Pareto Analysis, or the Pareto Principle as it is more commonly known, has become commonly known as the 80/20 Principle in it’s most recent times.

Richard Koch, has become famous for some absolutely great books.

Koch states “80 percent of results flow from 20 percent of causes”. If we believe this to be true, and most do, most of what exists today – all great ideas, innovations and results of productivity have been the product of 20% of all effort expended.

# Steps to identify important causes:

Determine the categories and the units for comparison of the data, such as frequency, cost, or time.

1. Create a table with the causes and their frequency as a percentage.

2. Arrange the rows in the decreasing order of importance of the causes — put the most important or largest cause first at the top of the list

3. Add a cumulative percentage column to the table

4. Plot a chart, using causes on the X axis, and cumulative percentage on Y axis 5. Label the left-hand vertical axis with the unit of comparison, such as frequency, cost or time. label the horizontal axis with the categories. List from left to right in rank order

6. draw in bars for each category representing the total for that category. 5. Join the above points to form a curve

7. Draw line at 80% on the Y axis, while remaining parallel to X axis

8. Drop the line at the point of intersection with the curve on X axis. This point on the X axis separates the important causes and trivial causes

See the sample

### Tips for effective use of the Pareto technique:

1. Create before and after comparisons of Pareto charts to show impact of improvement efforts.

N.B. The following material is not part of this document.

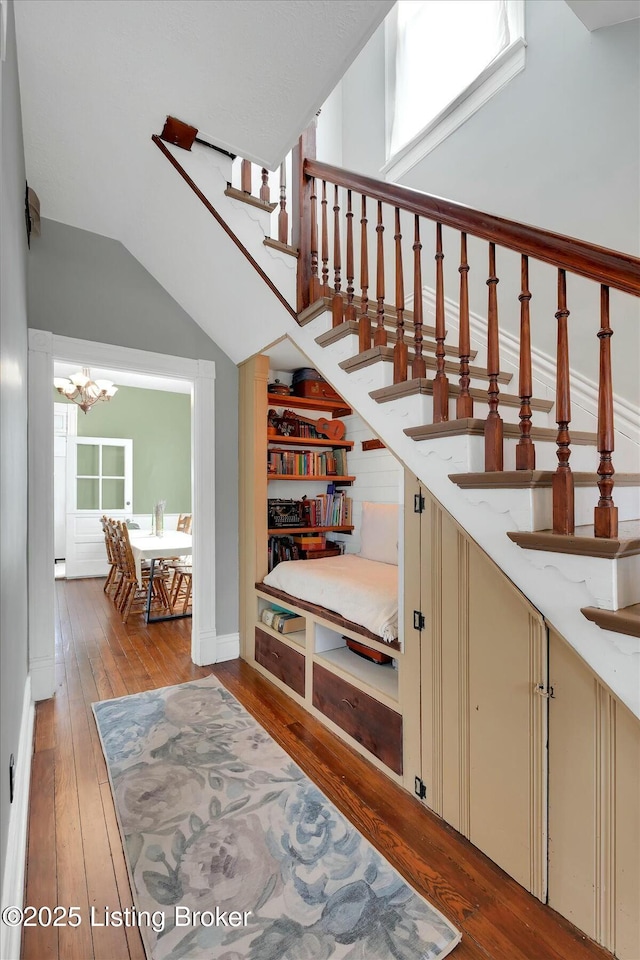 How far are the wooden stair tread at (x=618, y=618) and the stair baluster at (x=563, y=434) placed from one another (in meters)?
0.22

2. Construct Pareto charts using different measurement scales, frequency, cost or time.

3. Use objective data to perform Pareto analysis rather than team members opinions.

4. If there is no clear distinction between the categories — if all bars are roughly the same height or half of the categories are required to account for 60 percent of the effect — consider organizing the data in a different manner and repeating Pareto Analysis

5. Pareto analysis is most effective when the problem being studied is defined in terms of shrinking the present value to a customer target. For example, reducing unnecessary process steps in production of a product.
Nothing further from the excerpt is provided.